Inca II: Wiracocha, also released as Inca II: Nations of Immortality, is a 1993 video game developed by Coktel Vision for MS-DOS. It is the sequel of Inca, which places a war between the Incas and the Spaniards in space, 500 years into the future.

==Gameplay==
Like its predecessor, Inca II combines different genres including space combat simulator and adventure game. Some levels are purely shooting, some have maze exploration, or include inventory-based puzzles or riddles.

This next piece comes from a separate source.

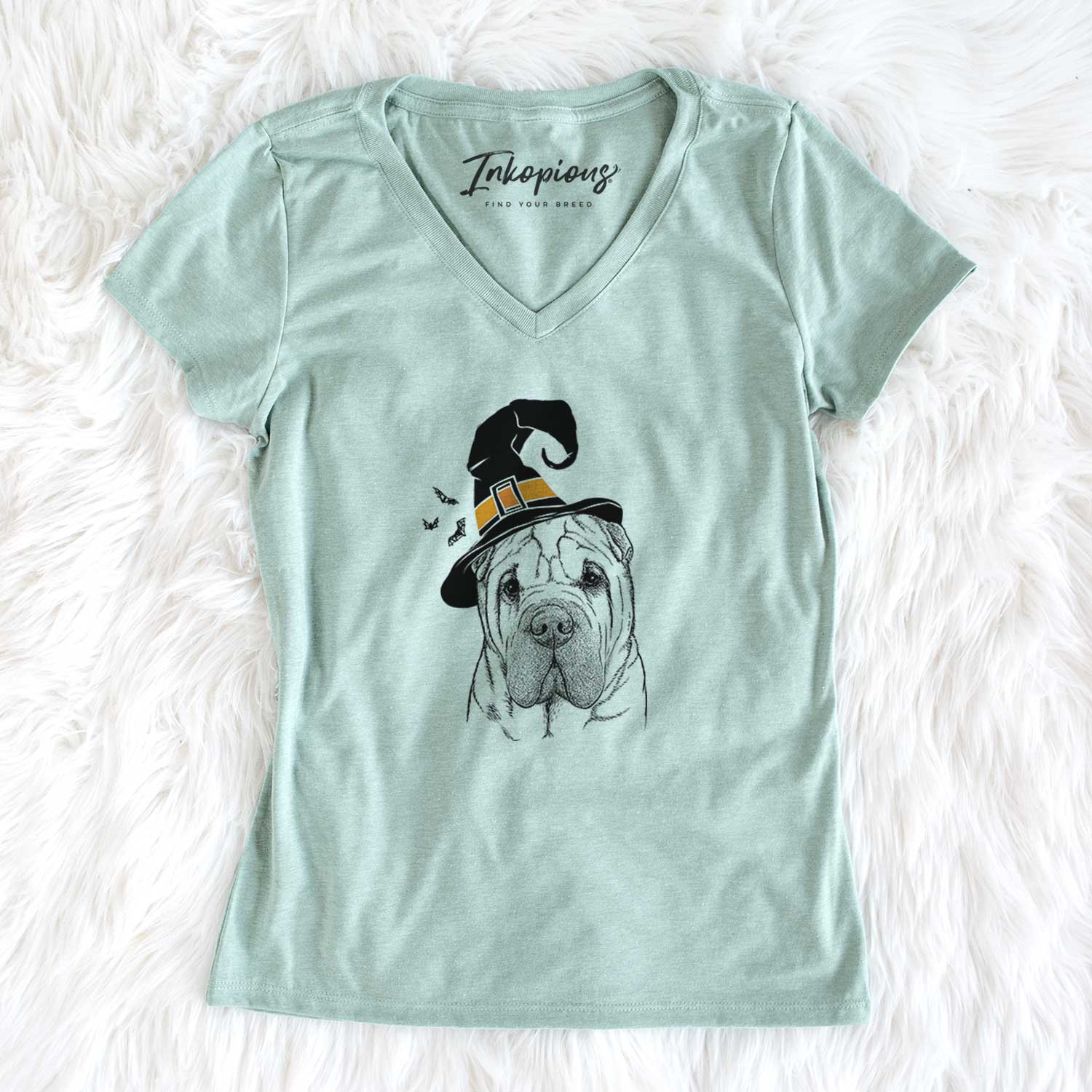 Witch Lilly the Shar Pei - Women's V-neck Shirt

Game progress is marked with an autosave feature allowing the player to resume the game from any "chapter", or review any of the previously-seen cutscenes. In a few points of the game, the player is faced with a dilemma, which will affect the difficulty in the final battle of the game.

==Plot==
After the events of the first game, El Dorado has become Sapa Inca of the new Inca Empire and his Aclla has given him a son, Atahualpa. The beginning of the game is set in Machu Picchu where the player controls Prince Atahualpa in his Huarachico; the player can choose between an inventory-based puzzle, or a space simulator sequence where they are tasked to destroy moai-shaped statues.

Finally, Atahualpa is accepted to the Council where a mysterious merchant pilot Kelt Carrier reveals that Spaniard Lord Aguirre controls an asteroid which disrupts communications throughout the Empire. Atahualpa talks to the stranger abruptly, resulting to him being expelled from the council by his father. Then he is subverted by Dona Angelina to steal his father's Tumi-shaped spaceship and fight the Spaniards alone. This mindless act gives Aguirre the opportunity to declare a new war.

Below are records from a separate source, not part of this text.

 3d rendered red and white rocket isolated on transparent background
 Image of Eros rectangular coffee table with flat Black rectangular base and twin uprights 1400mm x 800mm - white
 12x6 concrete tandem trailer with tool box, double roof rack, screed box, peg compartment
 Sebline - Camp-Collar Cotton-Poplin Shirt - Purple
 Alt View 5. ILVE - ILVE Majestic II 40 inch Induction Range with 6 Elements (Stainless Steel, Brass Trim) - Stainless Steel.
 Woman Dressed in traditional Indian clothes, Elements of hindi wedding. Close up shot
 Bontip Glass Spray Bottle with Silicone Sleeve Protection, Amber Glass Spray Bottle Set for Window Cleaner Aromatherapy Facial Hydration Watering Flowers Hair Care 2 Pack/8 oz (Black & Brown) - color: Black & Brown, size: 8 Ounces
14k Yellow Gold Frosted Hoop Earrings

El Dorado and Carrier come to arrest Atahualpa and participate in the ensuing space battle, during which Atahualpa attempts to take control of Kelt Carrier's "Three-Master" and is killed when the ship is destroyed. The control shifts to El Dorado for the rest of the game.

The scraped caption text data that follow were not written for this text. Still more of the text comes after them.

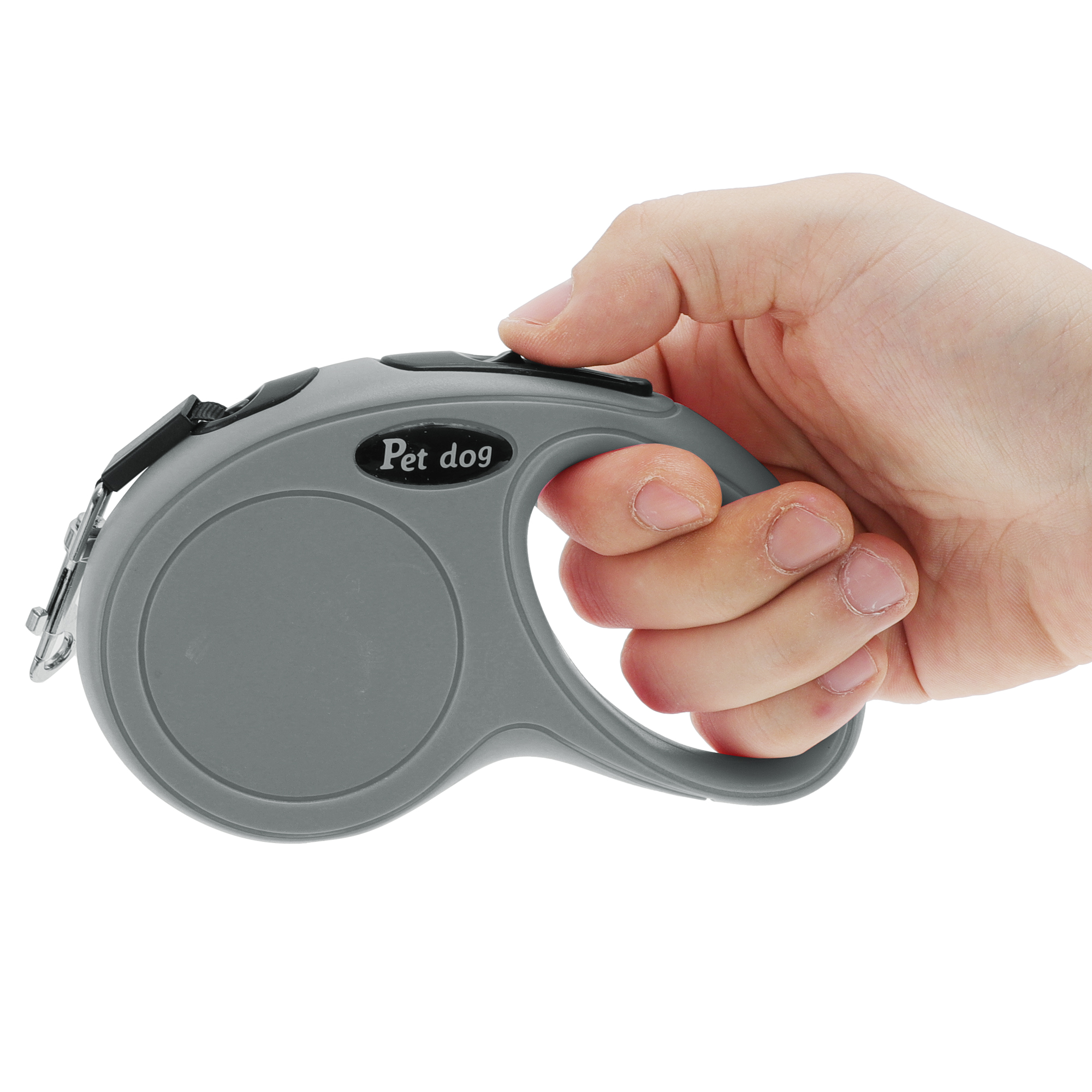 Unique Bargains Retractable Pet Leash Classic Dog Leash Soft Handle Gray 118.11"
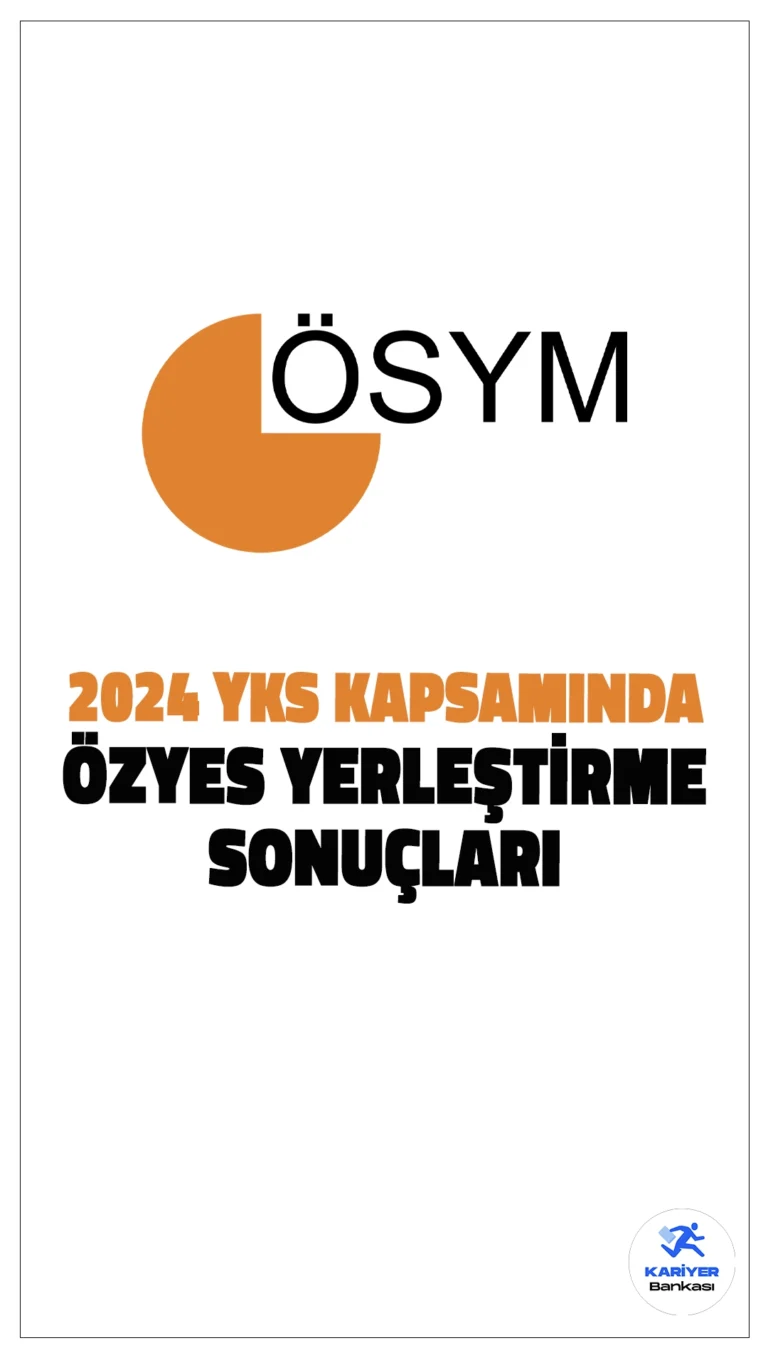 2024 YKS Kapsamında ÖZYES Yerleştirme Sonuçları Açıklandı.ÖSYM sayfasından yayımlanan duyuruda, 2024 Özel Yetenek Sınavı (ÖZYES) sonuçlarına göre yükseköğretim programlarına yerleştirme işlemlerinin tamamlandığı aktarıldı.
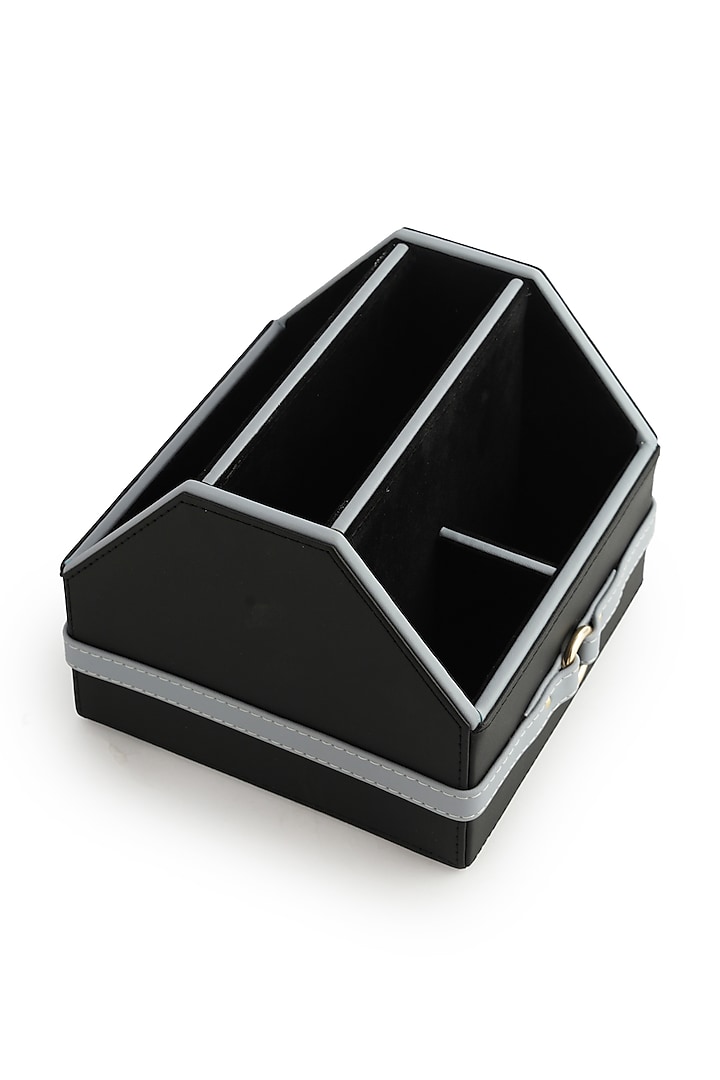 Black & Grey Vegan Leather Banded Remote Organizer by NADORA at Pernia's Pop Up Shop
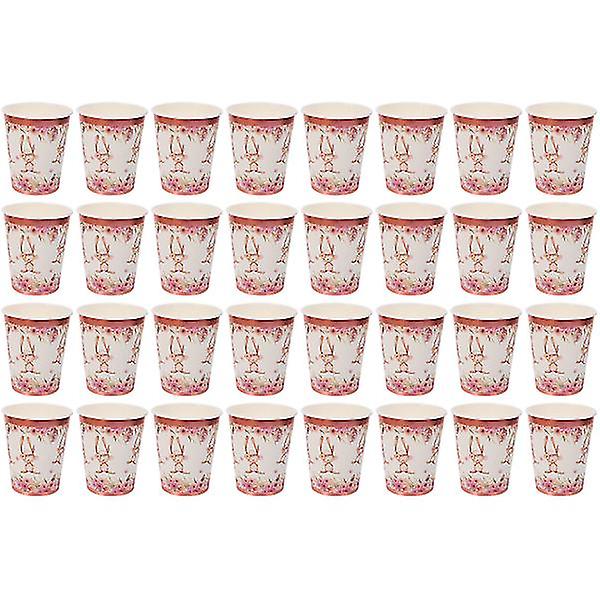 4 Set/32pcs Disposable Tableware Easter Party Decoration Bronzing Paper Cup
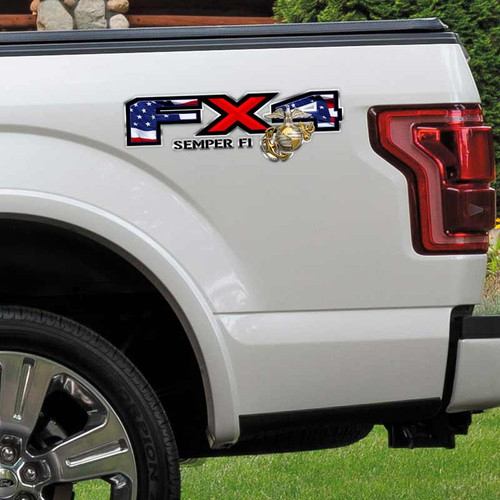 FX4 American Flag Marines SEMPER FI Truck Decals FX4 American Flag Marines SEMPER FI Truck Decals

Carrier leads El Dorado to Yuna, a hermit-astronomer in the Australian desert, who devises a plan for destroying Aguirre's asteroid. While there, they discover the plans of the "Boomerang", a legendary spacecraft. Carrier is assigned in building a fleet of Boomerangs as El Dorado travels to three planets in order to place the three Inca powers of the previous game, and visits a volcanic island named Ibis, and a planet that resembles Tibet where he seeks the help of a lama.

In the end, Carrier's fleet of Boomerangs diverts Aguirre's ships surrounding the asteroid, where El Dorado attempts to rescue Aclla, before destroying it.

==Reception==
Computer Gaming World liked Inca IIs graphics, action, and music but criticized the schizophrenic gameplay and a voice acting. It is included in the magazine's list of Worst Games of All Time, described as "incoherent" and criticized for its "uneven graphics and ridiculous premise". It was also included as #18 in the game list with Worst Back Story of All Time. Conversely, PC Gamer US offered Inca II a score of 81%.

James V. Trunzo reviewed Inca II in White Wolf #49 (Nov., 1994), rating it a 3 out of 5 and stated that "Inca II was designed in France; a European sense of humor certainly comes through. While this arcade adventure has several unique features and a few rally enjoyable segments [...] much of the game may strike you as bizarre. Inca II may, like its predecessor, garner a cult following. Everyone else is going to wonder what the heck the game is about."